Прислала свой протест и детская секция Союза писателей, протест, подписанный В. Бианки, Б. Житковым, Л. Пантелеевым, Г. Белых, Е. Шварцем, Е. Данько, Д. Хармсом, Ю. Владимировым, А. Введенским, Н. Заболоцким, И. Рахтановым, Т. Богданович и другими. «Все, когда-либо работавшие с Маршаком, – писали авторы этого документа, – знают, что трудно найти редактора, более тщательно, бережно и внимательно относящегося к автору и его произведению. По нашему мнению, статья «Халтура в детской литературе» поддерживает реакционные тенденции в детской литературе.

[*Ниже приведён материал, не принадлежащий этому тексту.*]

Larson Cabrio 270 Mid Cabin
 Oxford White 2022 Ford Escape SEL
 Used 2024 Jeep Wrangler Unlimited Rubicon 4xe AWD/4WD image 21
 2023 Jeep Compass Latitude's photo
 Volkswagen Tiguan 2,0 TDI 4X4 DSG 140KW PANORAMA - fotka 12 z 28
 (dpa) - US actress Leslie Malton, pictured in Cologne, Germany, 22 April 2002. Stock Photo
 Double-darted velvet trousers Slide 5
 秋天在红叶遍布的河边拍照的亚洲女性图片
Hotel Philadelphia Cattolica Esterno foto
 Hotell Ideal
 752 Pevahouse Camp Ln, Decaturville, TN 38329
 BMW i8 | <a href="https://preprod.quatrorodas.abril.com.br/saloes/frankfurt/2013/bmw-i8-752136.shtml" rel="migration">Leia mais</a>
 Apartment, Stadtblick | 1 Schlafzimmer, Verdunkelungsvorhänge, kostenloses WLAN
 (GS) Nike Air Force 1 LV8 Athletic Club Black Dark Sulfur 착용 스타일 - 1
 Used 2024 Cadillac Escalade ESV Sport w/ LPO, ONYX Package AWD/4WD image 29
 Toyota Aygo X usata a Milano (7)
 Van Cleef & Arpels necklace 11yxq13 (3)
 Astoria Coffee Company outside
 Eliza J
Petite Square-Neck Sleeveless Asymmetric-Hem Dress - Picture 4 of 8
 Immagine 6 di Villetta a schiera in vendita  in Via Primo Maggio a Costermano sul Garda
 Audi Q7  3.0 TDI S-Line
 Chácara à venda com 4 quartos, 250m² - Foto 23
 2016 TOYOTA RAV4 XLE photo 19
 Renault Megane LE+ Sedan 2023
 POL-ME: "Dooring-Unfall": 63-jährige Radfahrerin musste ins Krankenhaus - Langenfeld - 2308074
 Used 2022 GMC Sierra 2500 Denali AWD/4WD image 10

Тенденции эти сводятся к желанию во что бы то ни стало уклониться от высоких требований, предъявляемых в настоящее время к детскому писателю»[491].
Однако полученным отпором редакция газеты смущена не была. Рядом с протестами был помещен новый фельетон того же автора, в котором народные детские песенки, тщательно отобранные и мастерски переведенные С. Маршаком, были названы «идеологически вредной дребеденью»[492]и в поддержку фельетонисту помещена статья председателя комиссии по детской книге под названием «С ребенком надо говорить всерьез»[493]. Статья призывала энергично бороться с направлением писателей, группирующихся вокруг детского отдела ГИЗа в Ленинграде. «Тенденция позабавить ребенка» объявлена была в этой статье вредной; попытки преподносить серьезные проблемы увлекательно, весело, живо объявлены недоверием и неуважением к теме. «…Борьба предстоит большая, – предрекала председательница комиссии. – Библиотеки протестуют, бракуют эти произведения, педагогическая критика в печати высказывается четко, а товарищи ленинградцы в ответ пачками издают и переиздают бракованную литературу»[494].
После таких предупреждений худо, разумеется, пришлось бы «товарищам ленинградцам», если бы кроме авторов детских книг у них не было могучей защиты, по мере необходимости грозно переходящей в наступление.
Имя этой постоянной и надежной защиты было: Максим Горький.